Na Literatura mundial e brasileira são muitas as personagens femininas, fortes, sofredoras, sedutoras e enigmáticas. Molly Bloom, no livro Ulysses, de James Joice, proporciona um passeio pela pluralidade da alma humana. Ema Barory, em “Madame Bavory”, de Gustave Flaubert, tem personalidade complexa: delicada, egoísta, dramática, ingênua... Tereza, em “A Insustentável Leveza do Ser”, de Milan Kundera, é um personagem que carrega dores e traumas, porém é fascinante e instigante. Na literatura brasileira, como não citar a personagem emblemática, Capitu, do livro “ Dom Casmurro”, de Machado de Assis. Em Capitu cabem várias mulheres, o que faz dela umas das personagens mais incríveis já (d)escrita, da nossa literatura. Por fim, Macabéa, em “A Hora da Estrela”, de Clarice Lispector. Macabéa, pouco ambiciosa se entrega apropria sorte. Sua riqueza é a sua pobreza.
Dia Internacional da Mulher
Dia 8 de março, dia dedicado à mulher, é uma marca simbólica para lembrar um histórico de luta, reivindicações, conquistas e avanços, mas também para denunciar um cotidiano de exploração, preconceito, opressão, discriminação e, principalmente, da violência, que fazem vítimas mulheres, em todo planeta, sejam elas ricas, pobres, cultas, analfabetas, brancas ou negras.
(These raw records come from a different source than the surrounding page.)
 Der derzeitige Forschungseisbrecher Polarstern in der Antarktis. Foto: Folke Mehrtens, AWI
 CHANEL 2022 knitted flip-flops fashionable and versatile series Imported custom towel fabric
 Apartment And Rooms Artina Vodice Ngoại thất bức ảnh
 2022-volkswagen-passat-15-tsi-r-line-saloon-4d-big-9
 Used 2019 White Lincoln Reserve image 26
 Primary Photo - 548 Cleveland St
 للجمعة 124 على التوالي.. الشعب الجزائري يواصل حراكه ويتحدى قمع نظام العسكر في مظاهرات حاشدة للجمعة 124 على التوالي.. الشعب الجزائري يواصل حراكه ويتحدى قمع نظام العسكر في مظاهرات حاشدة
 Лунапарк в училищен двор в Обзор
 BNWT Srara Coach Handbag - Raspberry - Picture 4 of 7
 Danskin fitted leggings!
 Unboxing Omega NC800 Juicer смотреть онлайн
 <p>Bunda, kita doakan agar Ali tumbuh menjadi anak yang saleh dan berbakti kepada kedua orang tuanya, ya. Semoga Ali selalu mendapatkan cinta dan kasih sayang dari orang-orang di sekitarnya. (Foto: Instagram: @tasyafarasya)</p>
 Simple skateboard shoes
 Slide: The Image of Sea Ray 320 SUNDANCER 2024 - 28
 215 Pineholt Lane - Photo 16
A revolução Industrial e os avanços tecnológicos e científicos, que marcaram o século XX e, trouxeram mudanças significativas nas crenças e atitudes em relação à sexualidade, a liberdade sexual, que favoreceu à mulher o direito ao sexo com prazer e com o parceiro desejado. A descoberta das pílulas anticoncepcionais que permitiram a mulheres fazer sexo sem engravidar, mas não as livraram de um companheiro violento, que as exploram, humilham e as agridem, a cada instante.
O direito de votar e trabalhar não proporcionou a elas, mais dignidade no trabalho, mesmo sendo maioria nas fábricas, nas redações de jornais, rádios e tvs, nas universidades, no comércio, nos hospitais e tantos outros segmentos profissionais. As mulheres ainda sofrem uma jornada excessiva de trabalho e com baixos salários, o que comprova a desvalorização profissional, mesmo mostrando competência e criatividade. Mas, combater a violência na qual é vítima, diariamente, é principal luta da mulher, hoje, no mundo inteiro.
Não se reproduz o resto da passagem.